> [Directions] Leave out the pictures and transcribe every entry below exactly.

------------------------------------------------

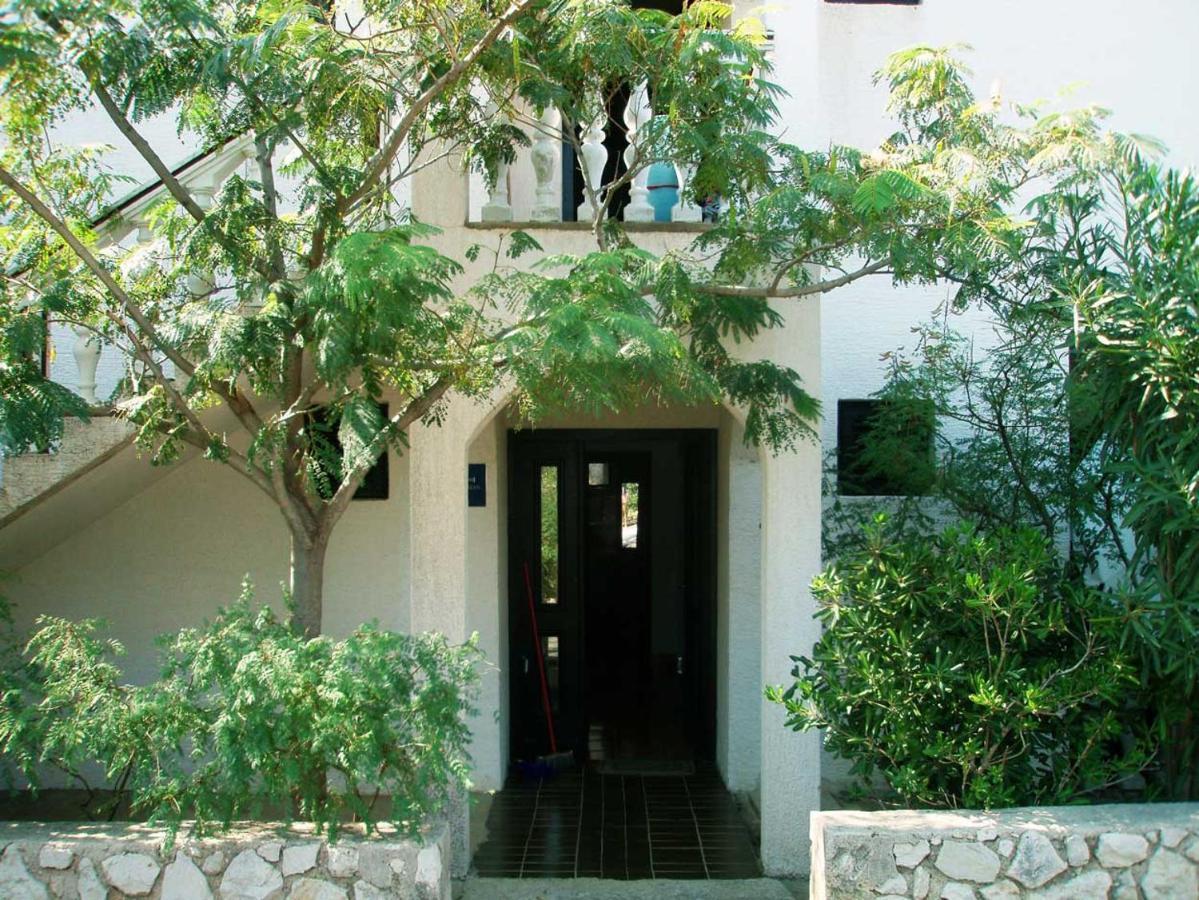 Apartments Mint Povljana - 50M From Sandy Beach Екстер'єр фото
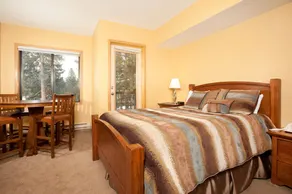 Bright Mountain Condo til 4 med komplet køkken - Image 3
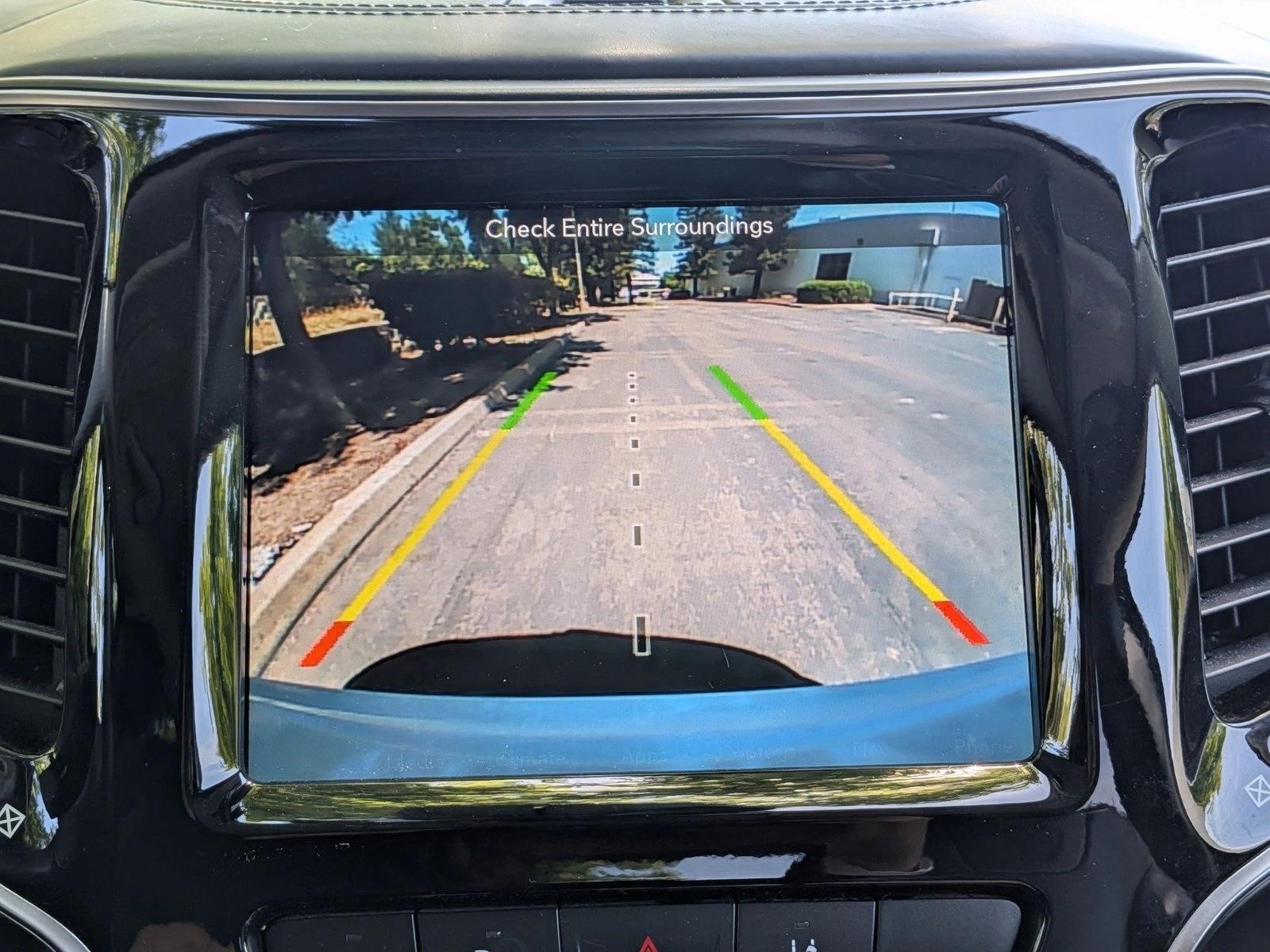 2019 Jeep Cherokee Overland - Photo 15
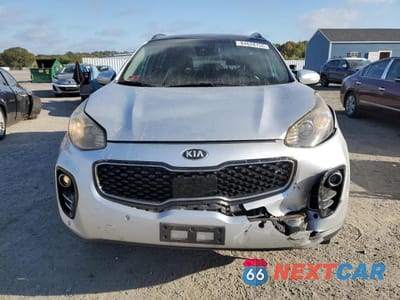 Piąte zdjęcie samochodu w środku: 2018 KIA SPORTAGE EX VIN:KNDPNCAC8J7302414 - miniatura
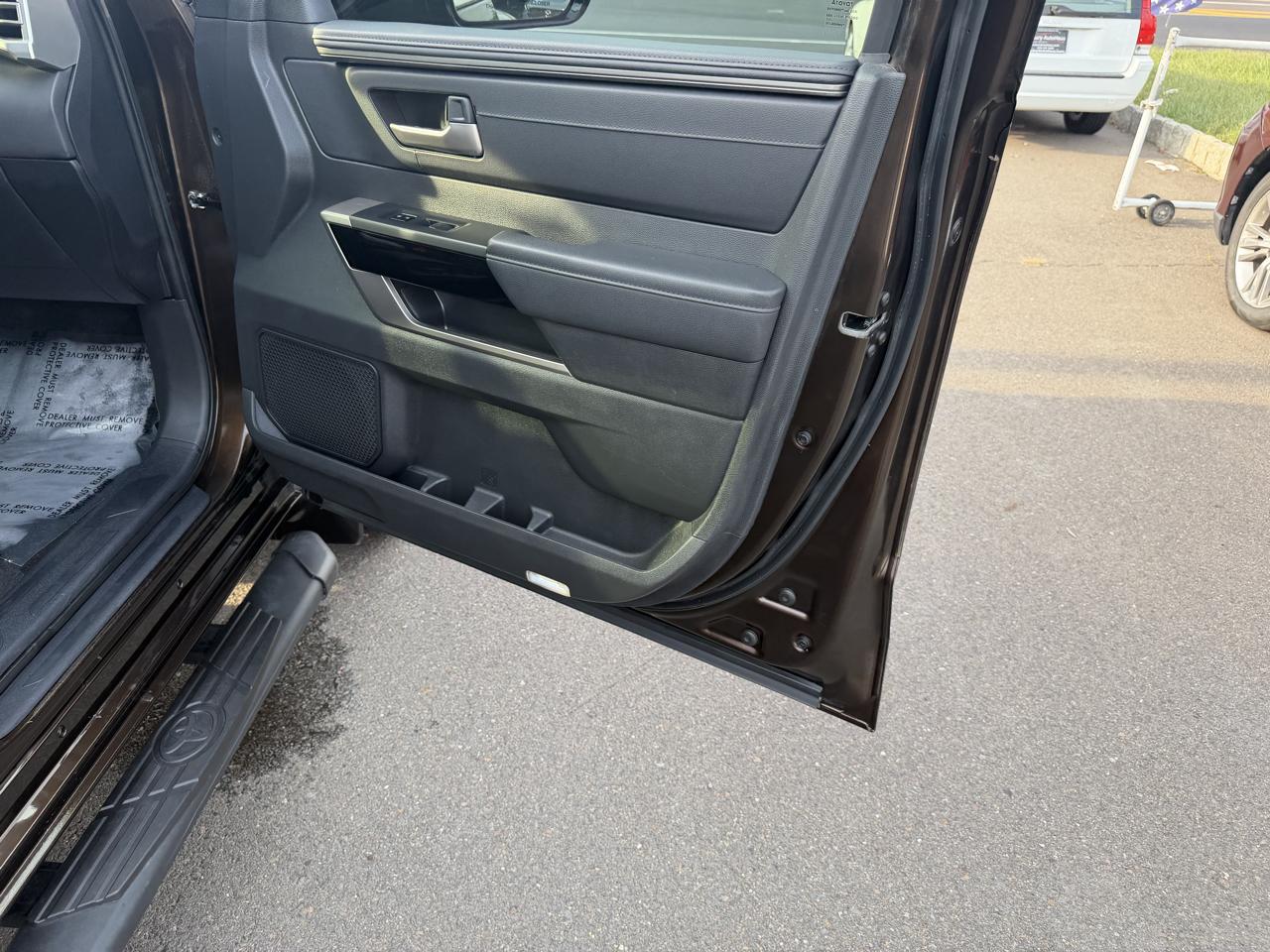 Toyota Tundra 4WD Limited CrewMax 5.5' Bed (Natl) 2025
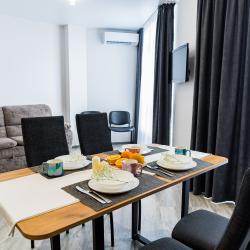 Фото Отель LetoApart (ЛетоАпарт) на улице Лейтенанта Шмидта 17-10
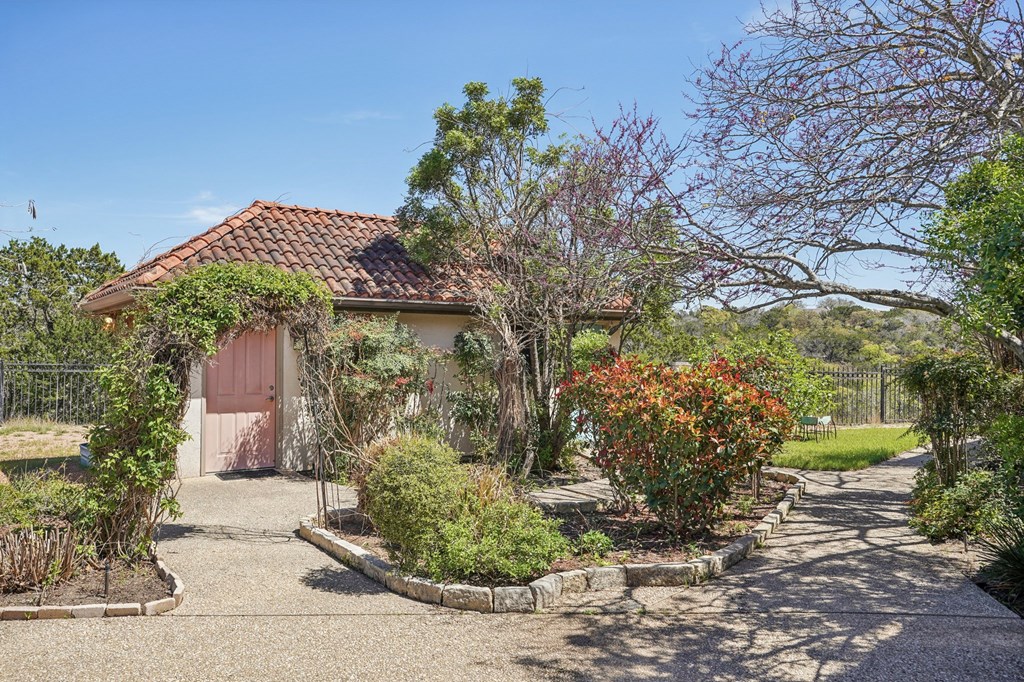 main property photo 94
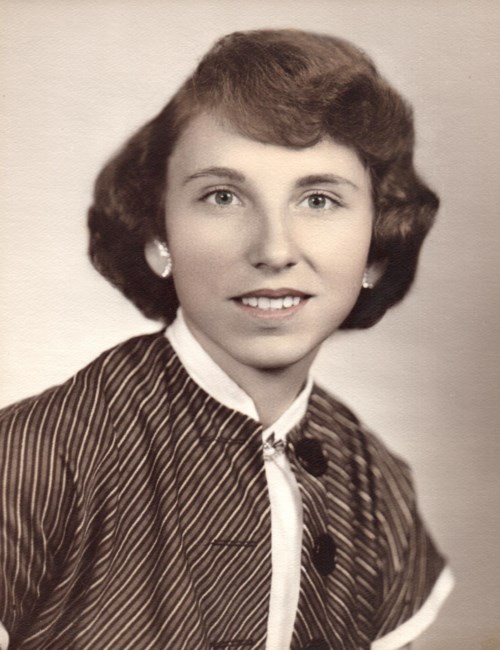 Obituary of Evelyn Crowell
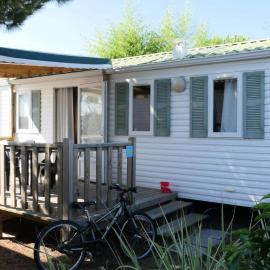 Camping Paradis Le Grand'R - Mobil home 3 Pièces 4 Personnes + TV MAE-9847, hotell i Les Mouettes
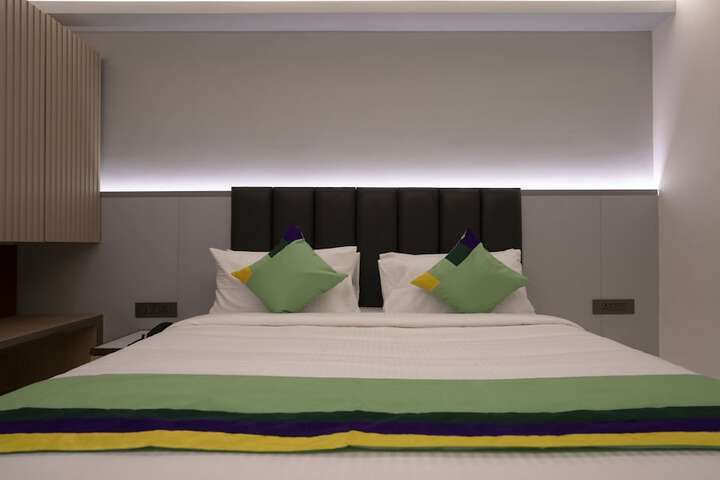 Room 12 of 41
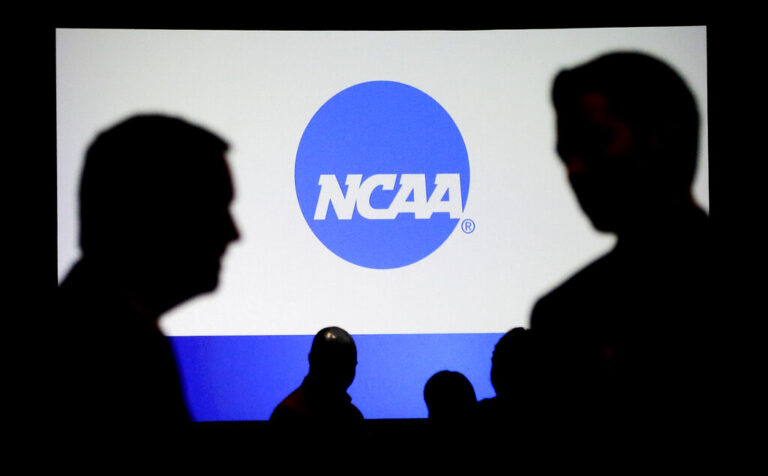 (AP Photo/Mark Humphrey)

------------------------------------------------

> [Result of the task]
 Apartments Mint Povljana - 50M From Sandy Beach Екстер'єр фото
 Bright Mountain Condo til 4 med komplet køkken - Image 3
 2019 Jeep Cherokee Overland - Photo 15
 Piąte zdjęcie samochodu w środku: 2018 KIA SPORTAGE EX VIN:KNDPNCAC8J7302414 - miniatura
 Toyota Tundra 4WD Limited CrewMax 5.5' Bed (Natl) 2025
 Фото Отель LetoApart (ЛетоАпарт) на улице Лейтенанта Шмидта 17-10
 main property photo 94
 Obituary of Evelyn Crowell
 Camping Paradis Le Grand'R - Mobil home 3 Pièces 4 Personnes + TV MAE-9847, hotell i Les Mouettes
 Room 12 of 41
 (AP Photo/Mark Humphrey)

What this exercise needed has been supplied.